Given the biological fluorophores with biocompatibility, structural simplicity, and capacity to form a variety of functional nanostructures, these advantages endow them potential candidates as the next-generation bio-organic optical materials. Among them, fluorescent protein is one of the most important biological fluorophores and a key research tool in the field of chemical and biomedical research. By genetically fusing the fluorescent protein with the target protein of interest, almost any protein can be imaged by the optical microscope with sub-micron spatial resolution and sub-second temporal resolution in living cells or organisms, which helps us reveal the law and nature of the molecules and cells activities.
Figure 1. The biological fluorophores
According to the color of the fluorescent protein, the common fluorescent protein can be divided into the following categories.
Since the green fluorescence proteins (GFP) was first accidentally discovered by Shimomura et al. in 1962, more and more GFPs are appealing to a variety of biomedical and biotechnology applications, such as protein fusion, subcellular localization, cell visualization, protein-protein interaction, and genetically encoded sensors. It is known to us is that GFP is an endogenous protein derived from the bioluminescent jellyfish Aequorea Victoria. And The chromophore of p-hydroxybenzylidene-2,3-dimethylimidazolinone is the core motif of the GFP that is packaged in an abundant hydrogen-bonding cave and is responsible for the green fluorescence. In addition, the GFP is an invaluable tool in biological and biomedical fields and elucidates of biochemical trafficking of individual cells to entire organisms. In order to mimic the fluorescence of GFP, various compounds have been developed to adapt them for a fantastic range of applications, including GFP chromophores analogs, hydrogen bond-rich proteins, and aromatic peptidyl nanostructures that preclude free rotation of the aryl-alkene bond.

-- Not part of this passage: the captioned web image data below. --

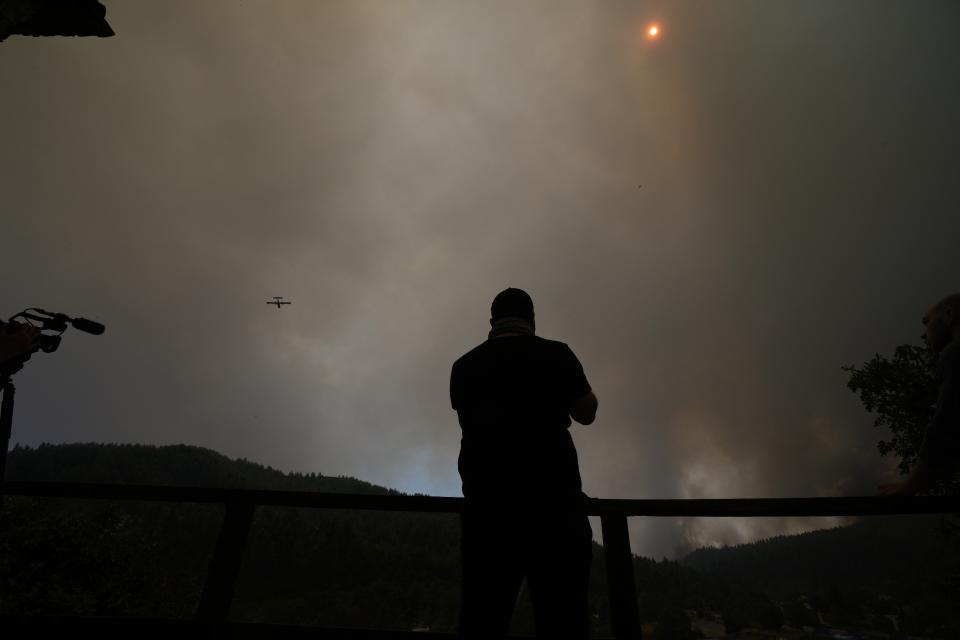 An aircraft operates over a wildfire in Gouves village on the island of Evia, about 185 kilometers (115 miles) north of Athens, Greece, Sunday, Aug. 8, 2021. Pillars of billowing smoke and ash have blocked out the sun, turning the sky orange as a massive forest fire burning for five days devours pristine forests on Greece's second largest island of Evia, triggering yet more evacuation alerts as residents appealed for greater firefighting help. (AP Photo/Petros Karadjias)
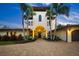Elegant two-story home with a brick driveway, lush tropical landscaping, and a porte-cochere with a two car garage at 3576 San Remo Ter, Sarasota, FL 34239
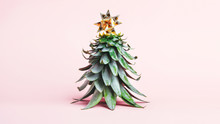 Pineapple Leaves In The Form Of A Christmas Tree With Decorations. Creative Christmas Concept. 2020 Year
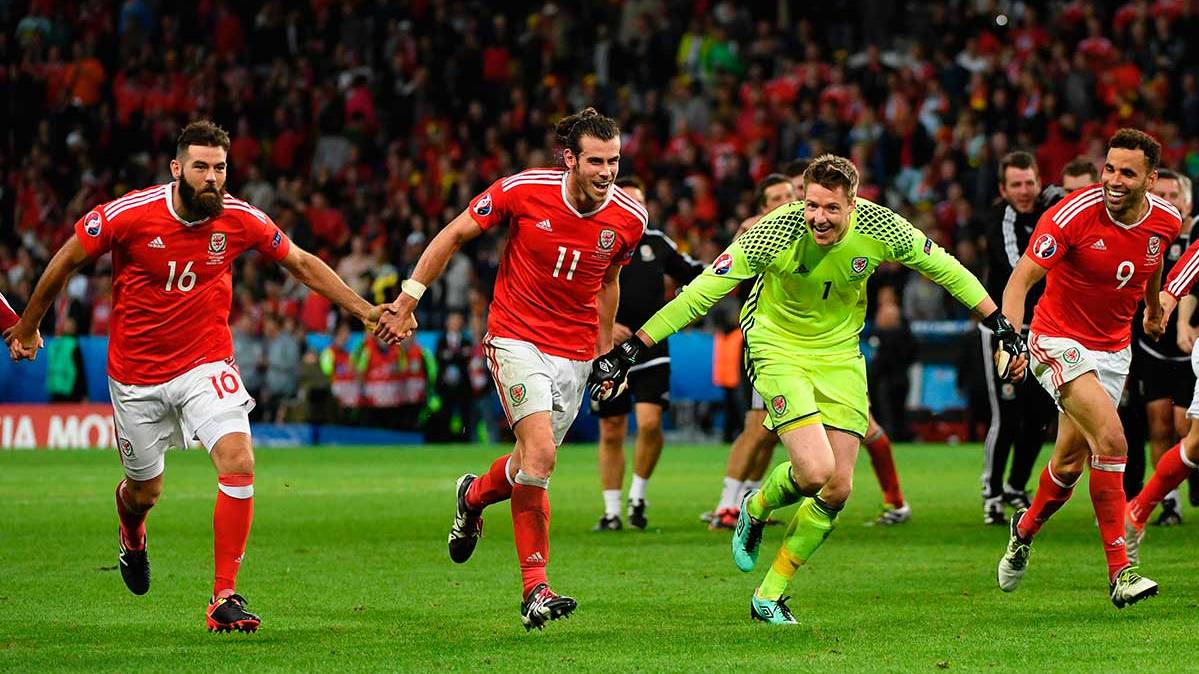 Gareth Bleat and Wales celebrate his pass in front of Belgium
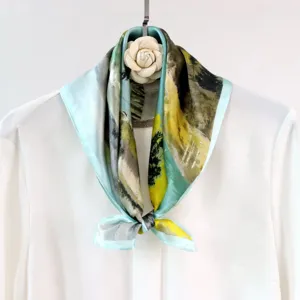 Silk square scarf featuring an artistic landscape watercolor design with soft blue border.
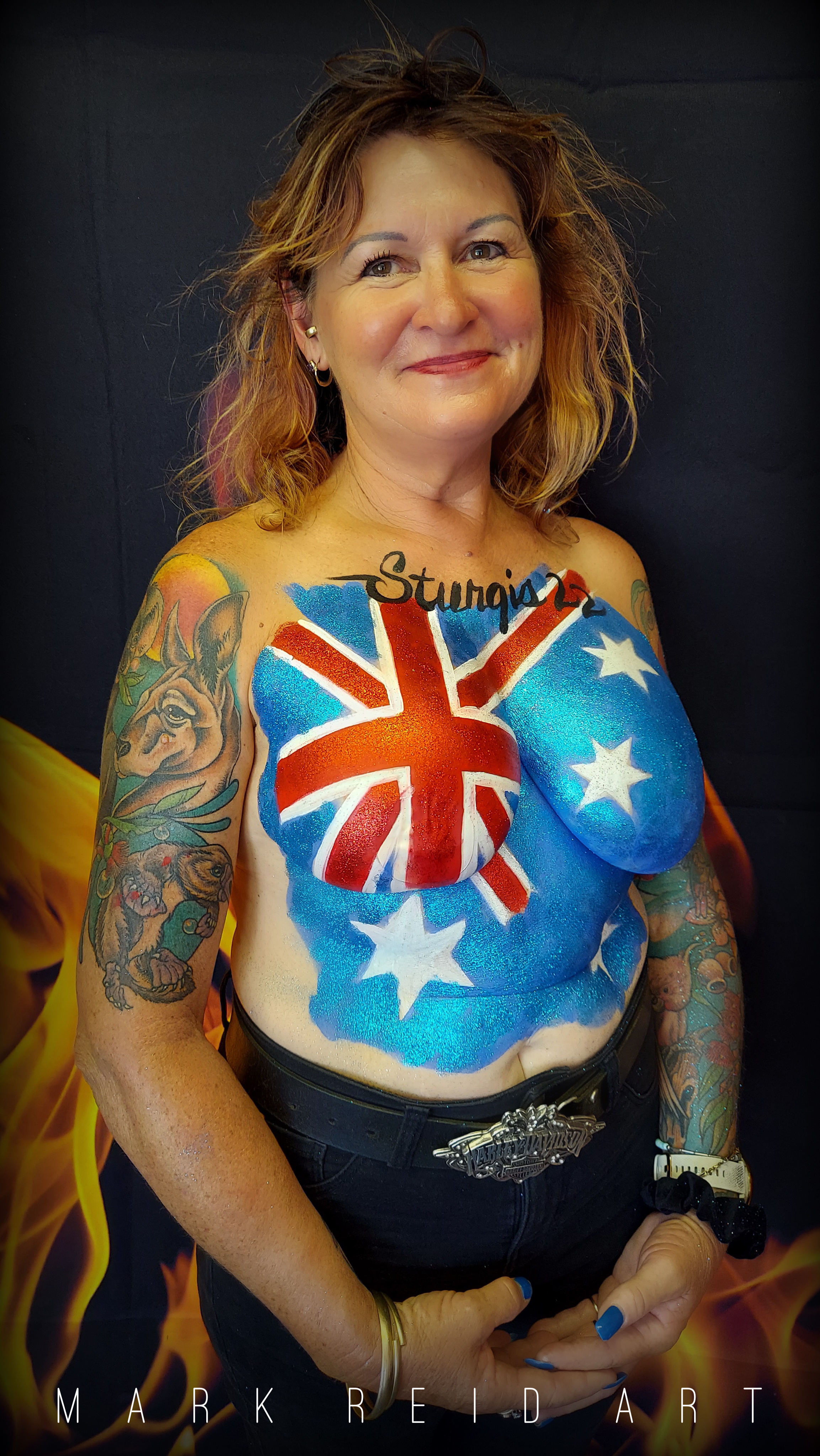 Redish-blonde haired woman with a painted on top that is the Australian flag across her chest with the word Sturgis at the top center near her collar bone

Given the red fluorescent protein (RFP) has longer excitation and emission wavelength, RFP has become an integral part of modern biological research and widely used in track proteins within cells, detect gene expression in vivo, act as acceptor chromophores in Förster resonance energy transfer, and transduce signal in biosensors. The RFP derived from coral and sea anemones is genetically encoded fluorophores. Compared to other fluorescent proteins, RFP contain a p-hydroxybenzylideneimidazolinone chromophore that is conjugated to an acylimine group produced by oxidation of the backbone Ca-N bond in the N-terminal chromophore-forming residue. The chromophore extends p-conjugation and enable to absorb and emit light at longer wavelength. With these advantages, the RFP is useful for whole-animal imaging due to longer-wavelength light is less scattered by tissue and causes lower phototoxicity, enabling deeper imaging and longer acquisition times.
The yellow fluorescent proteins (YFP) is a small, water soluble protein which is responsible for the negative phototactility of the host organism-halophilic purple bacteria. The YFP is the heart of its photodynamics. The heart of its photodynamics is the phenolate form of a trans-4-hydroxy cinnamoyl moiety bound to the Cys69 residue of the protein backbone by a thioester bond. That is to say, the photophysics of YFP is governed by a combination of the electron-withdrawing capacity of the carbonyl end substituent and the electron-donating capacity of the 4-phenolate group.